Data to examine:
---*---

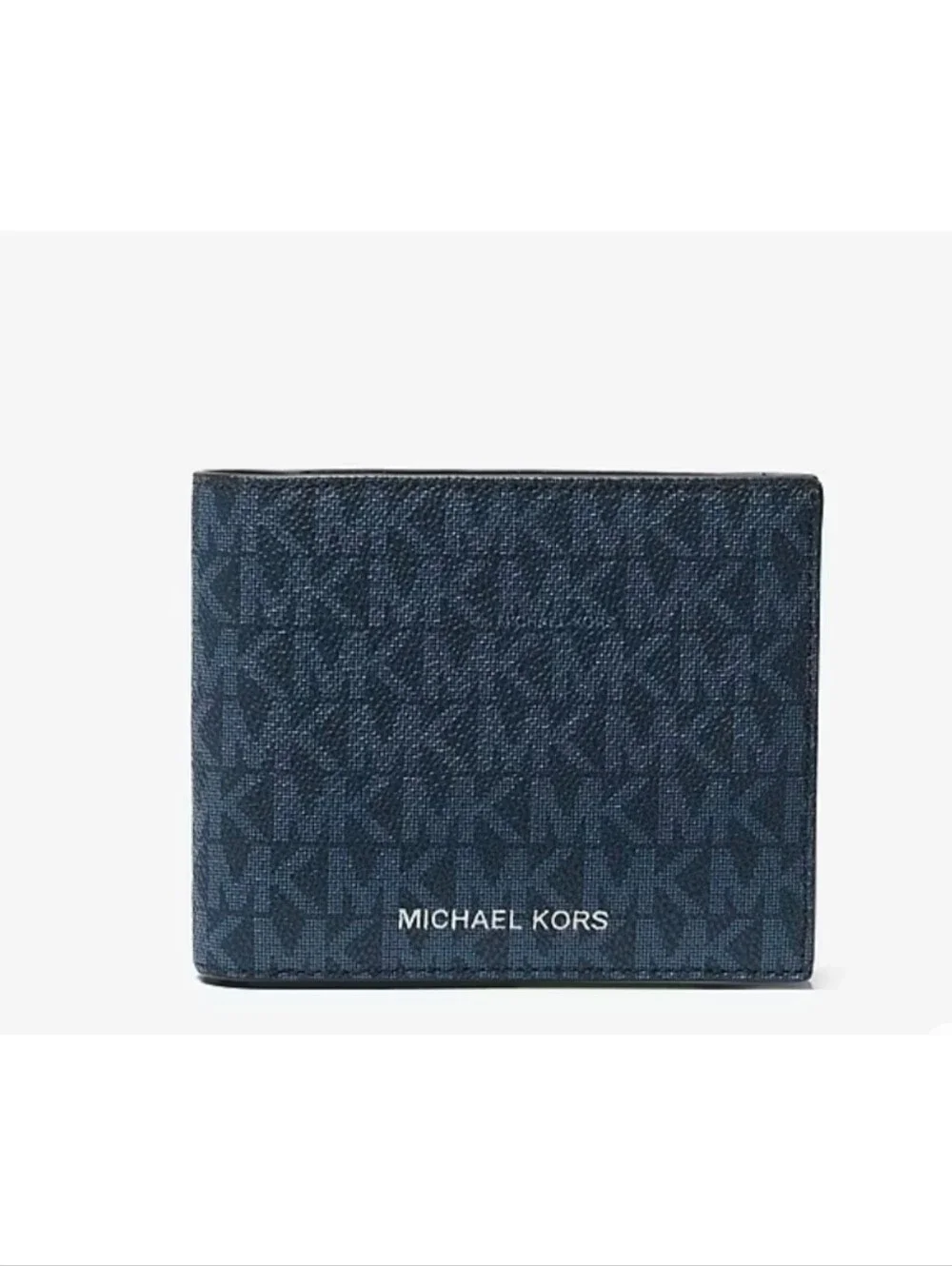Michael Kors Navy Signature Cooper Wallet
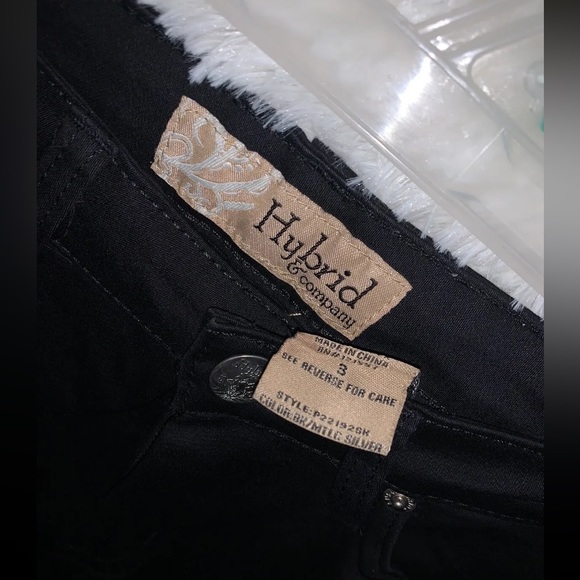 Hybrid & Co. Black Pants w/ Reflective Side Metallic Silver Stripe Sz 3 NWOT - Picture 9 of 9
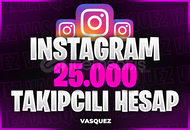 ⭐[MAİL TESLİM] İNSTAGRAM 25.000 TAKİPÇİLİ HESAP⭐
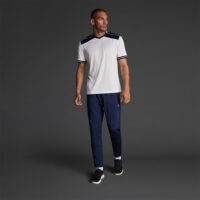 Tricou sport Musai Ishi, Alb / Bleumarin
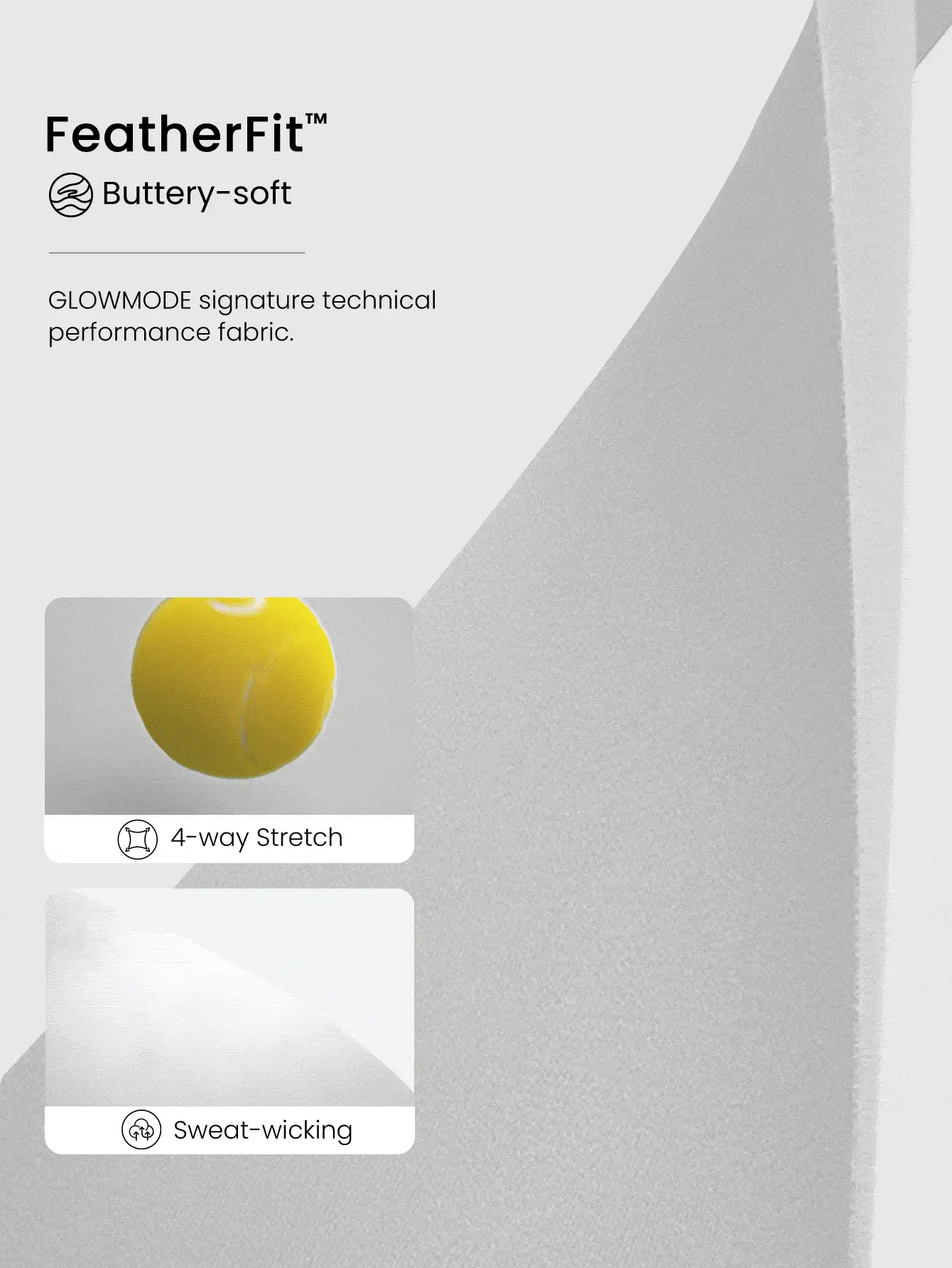 GLOWMODE Sujetador Featherfit™ Con Cuello Cuadrado Y Espalda En Forma De Y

---*---

Exercise goal: Please transcribe all of the entries exactly and omit any picture they hold.

Result for this exercise:
Michael Kors Navy Signature Cooper Wallet
 Hybrid & Co. Black Pants w/ Reflective Side Metallic Silver Stripe Sz 3 NWOT - Picture 9 of 9
 ⭐[MAİL TESLİM] İNSTAGRAM 25.000 TAKİPÇİLİ HESAP⭐
 Tricou sport Musai Ishi, Alb / Bleumarin
 GLOWMODE Sujetador Featherfit™ Con Cuello Cuadrado Y Espalda En Forma De Y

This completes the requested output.